Another family favourite for Jackson is Dedon Island Resort in the Philippines. Again, it’s an add-on flight – you fly to Cebu and then on to Siargau – but worth the extra effort. The tear-drop shaped island is reef-fringed and the resort all-inclusive.
For more information or to ‘pimp up’ your own holiday, contact lightfoottravel.com 2018 openings…
Bali – next month sees the opening of COMO Uma Canggu, a 53-bedroom resort on the south coast. Boasting a further 66 one-, two- and three-bed apartments and 12 penthouses with private pools, the resort is sure to prove a popular addition to the holiday island. It will also offer an in-house surf school and a beach club, comohotels.com
Laos and Cambodia – fancy getting back to nature but don’t want to rough it? Luxury tented accommodation will be hitting Luang Prabang in Laos and southern Cambodia this year. Rosewood Luang Prabang is a top notch tent and villa encampment located in a forest setting by a meandering river and waterfall. The five 100sqm tents feature Laotian and French colonial furnishings, private dining areas, wrap-around decks and a spa, rosewoodhotels.com
Shinta Mani Wild straddles Bokor and Kirirom National Parks in Cambodia with 16 sophisticated tents along a 1.5km stretch of riverbank.
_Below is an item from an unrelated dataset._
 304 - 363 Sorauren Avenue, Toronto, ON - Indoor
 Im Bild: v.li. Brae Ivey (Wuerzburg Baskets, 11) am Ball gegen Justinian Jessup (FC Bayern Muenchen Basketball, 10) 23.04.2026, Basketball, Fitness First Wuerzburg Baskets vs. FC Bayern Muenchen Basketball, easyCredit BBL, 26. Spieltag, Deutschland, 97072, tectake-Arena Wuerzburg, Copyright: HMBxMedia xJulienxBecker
Opening mid-year, enjoy wildlife excursions and private boat expeditions,shintamani.com
Montenegro – Europe’s current ‘hot spot’ sees the opening of five-star The Chedi in Lustica Bay this year. With views over the Adriatic, this new development comprises 110 rooms, two restaurants, a bar, outdoor pool, heated indoor pool, spa and fitness area, ghmhotels.com
Chile – the South American destination is top of many bucket lists this year, so the capital city is no doubt happy to welcome the arrival of the five-star Mandarin Hotel Santiago. The hotel is located in the popular Las Condes district and boasts 310 rooms, 23 suites with views over the city and the Andes, a large outdoor pool and five restaurants, mandarin.com
Family friendly-hotel openings this year include Six Senses Fiji, Malolo Island and Six Senses Qing Cheng Mountain, China
Six Senses Fiji will be offering villa accommodation, each with their own private plunge pools positioned on the western side of the island. The property will also have two gourmet restaurants, an outdoor pizzeria, three bars, a gourmet food market and walk-in wine cellar and tasting room. A customised wellness and spa experience as well as treetop yoga, a state-of-the-art fitness gym, tennis club, a kid’s recreation club, water sports and two full-service marinas for yacht mooring and chartering completes the picture.
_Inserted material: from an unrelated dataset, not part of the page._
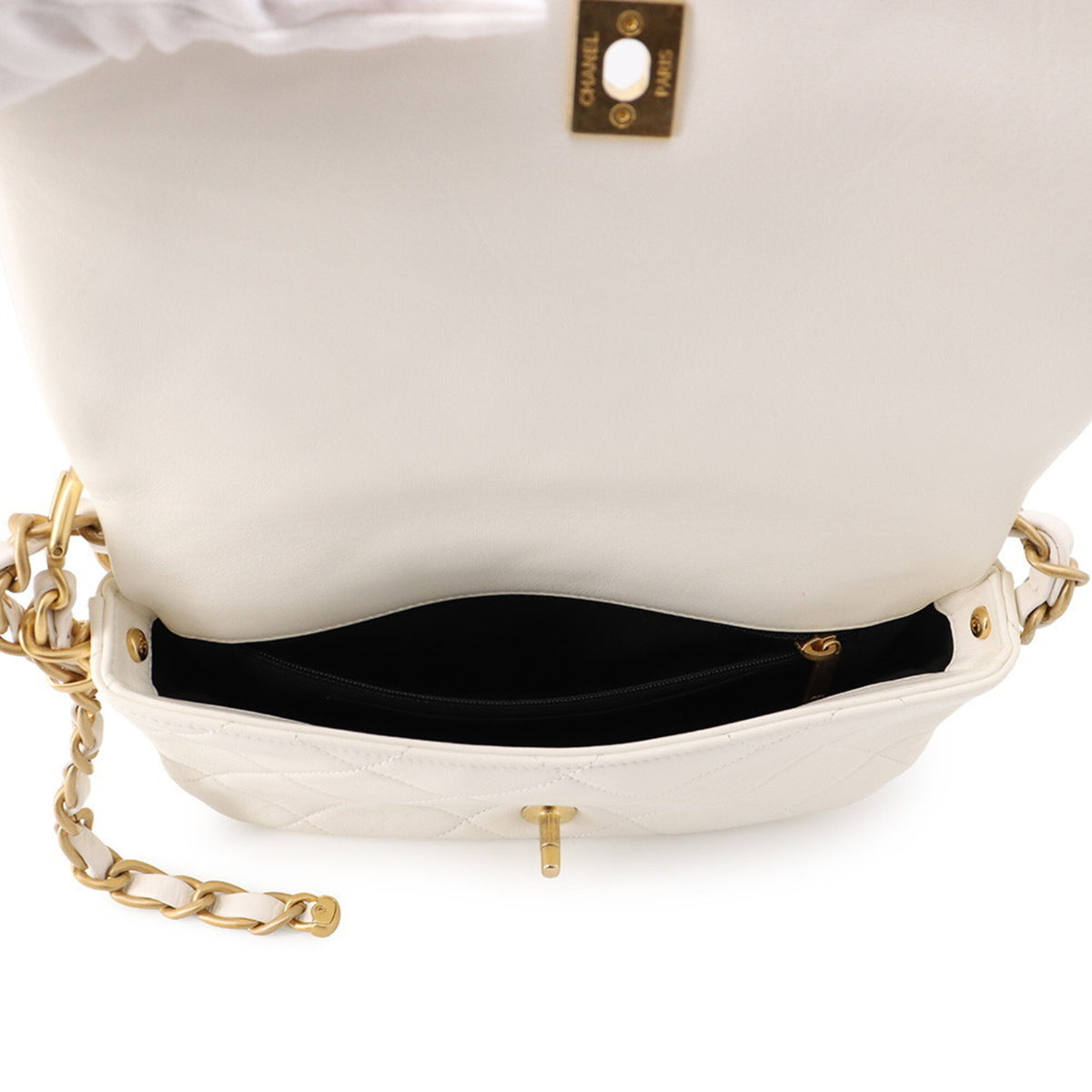 Chanel White Leather Shoulder Bag (Pre-Owned)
Six Senses Qing Cheng Mountain in Chengdu, China is located at the gateway of the picturesque Qing Cheng Mountains. Fun family activities include panda tours, movie afternoons, river rafting, tennis, cycling, tai chi and yoga classes, an indoor pool, night-time photography tours, Sichuan cooking classes and historical tours to nearby ancient towns and heritage sites.